This article discusses three related problems in the design of C++ classes and surveys five of the solutions to them found in the literature. These problems and solutions are considered together because they relate to separating the design choices that are manifested in the interface from those that are made in implementing the class. The problems are:
Reducing implementation detail exposed to the user
Reducing physical coupling
Allowing customised implementations
These have led developers to seek ways to separate interface from implementation and practice has seen all of the following idioms used and documented. We will be evaluating them to see how they compare as solutions to the above problems:
Non-Virtual Public Interface
In order to illustrate the problems and solutions we are going to use a telephone address book (with very limited functionality) as an example. For comparison purposes we have implemented this as a naïve implementation (see first sidebar) which does not attempt to address any of the stated problems. We have also refactored this example to use each of the idioms - the header files are reproduced in the corresponding sidebars. (The full implementation and sample client code for all versions of the example are available with the online version of this article [WEB05].)

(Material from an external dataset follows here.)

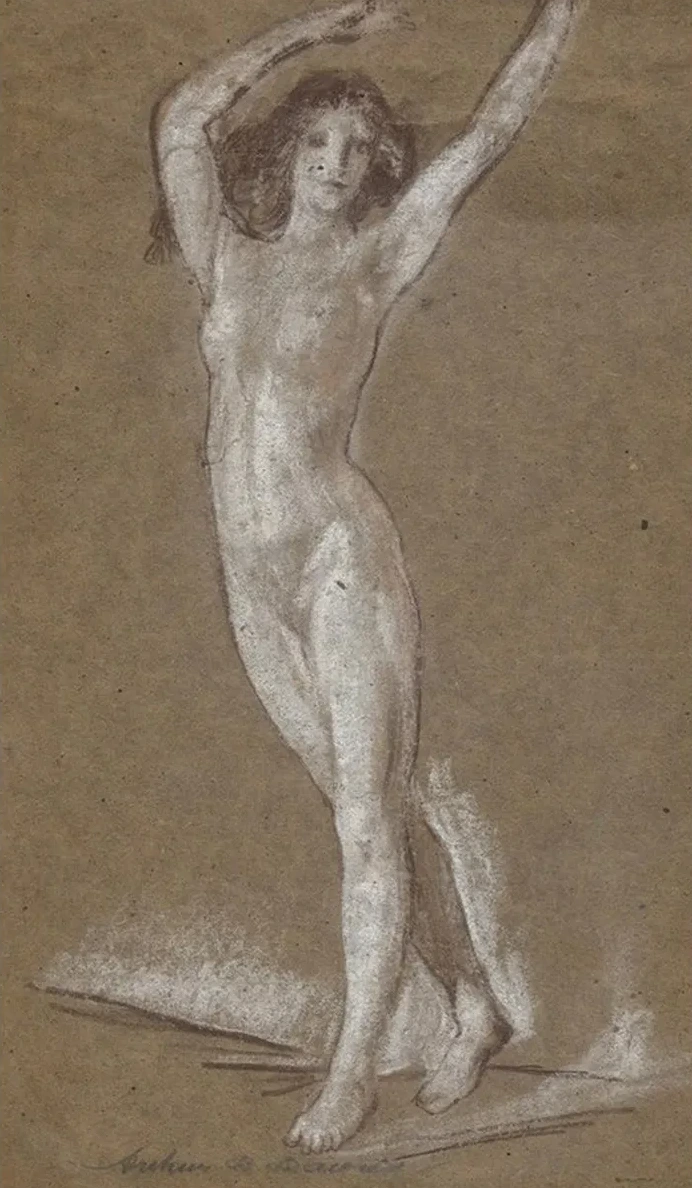 Standing FemaleNude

Client code makes use of an object via its public interface, without any recourse to implementation details. Since the authors of client code have to use an object through its public interface that interface is all they need to understand. This public interface typically comprises member function declarations.
C++ allows developers to separate the implementation code for member functions from the class definition, but there is no comparable support for separating the member data that implements an object's state (or, for that matter, for separating the declarations of private member functions). Consequently the implementation detail exposed in a class's definition is still there as background noise, providing users with an added distraction. The definition of a class is typically encumbered with implementation "noise" that is of no interest to the user and is inaccessible to the client code written by that user: the naïve implementation shows this with MyDict, myName and dict.
The purpose of defining a class in a header file is for the definition of that class to be included in any translation units that define the client code for that class. If classes are designed in a naïve manner this leads to compilation dependencies upon details of the implementation that are not only inaccessible to the client code but also (in most cases) do not affect it in any way.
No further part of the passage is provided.